Oberfrohna am 10. September 1939.

Mein lieber, lieber [Roland]!

Du weißt ja nicht wie froh ich bin, daß ich endlich Gewißheit habe. Bis zum letzten Augenblick habe ich gehofft, daß Du mir schreiben wirst. Gestern, am Sonnabend, mußte doch der endgültige Bescheid kommen — einen Kartengruß erhielt ich wohl, für den ich herzlich danke — doch nichts, was mir Aufschluß geben könnte, in meiner Ratlosigkeit. Am Freitag war schon Geschäftsschluß ein ganzer freier Sonnabend lag vor mir. Ich hatte alles vorbereitet, zurechtgemacht: entweder zur Abreise, oder zu Deinem Empfang. Ich wartete nur auf Deine Anweisungen. ½ 3 kam das Postauto, ich bin an den Schalter gegangen, habe gefragt, nichts dabei. Nun wartete ich bis zum Abend mit den Eltern auf Dein Kommen — vergebens. Angst hatte ich nicht um Dich, ich weiß Dich ja zu Hause. Ich war nur in Unruhe um den Inhalt Deines Schreibens, das Du mir versprochen hattest; daß es sich verspäten könnte und natürlich somit die darin enthaltenen etwaigen Pläne vereiteln würde. Zu dieser Annahme kam ich, weil ich Euren Kartengruß vom 7. September erst gestern erhielt. Daß ich nun den Tag gestern so mit nutzlosem Hoffen und Warten ausfüllen mußte, stimmte mich abends doch recht traurig. Ich nahm Dein Buch zur Hand, ich konnte mich nicht sammeln, die Gedanken schweiften immer wieder ab. Mit dem Schlag 8 abends mußt Du einmal fest meiner gedacht haben — oder Deine Eltern, ich habe es ganz deutlich gespürt.
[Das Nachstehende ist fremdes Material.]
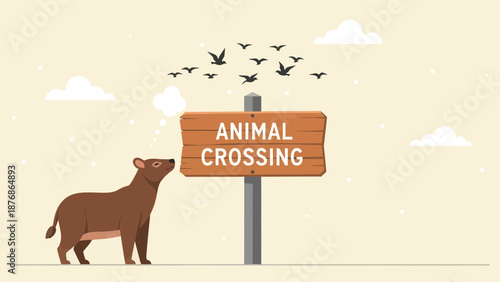 Cartoonish Illustration Of A Fawn Near A Sign Under A Flock Of Birds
Mit der festen Hoffnung bin ich schlafen gegangen, daß der Morgen Klärung bringen muß. Die Nacht war so lang. Und heute am Sonntag, wo die Sonne noch einmal mit aller Wärme und Herrlichkeit uns beschenkt, ehe sie den Weg geht, der sie mehr und mehr von unsrer Erde wegführt — wie es uns dem Herbst und Winter zu scheint —, heute kann ich nicht, wie ich es so heiß mir wünschte in allen Stunden vorher, bei Dir sein. Warum kommt heute kein Gewitter, warum keine dunkeln Wolken die den strahlenden Himmel bedecken?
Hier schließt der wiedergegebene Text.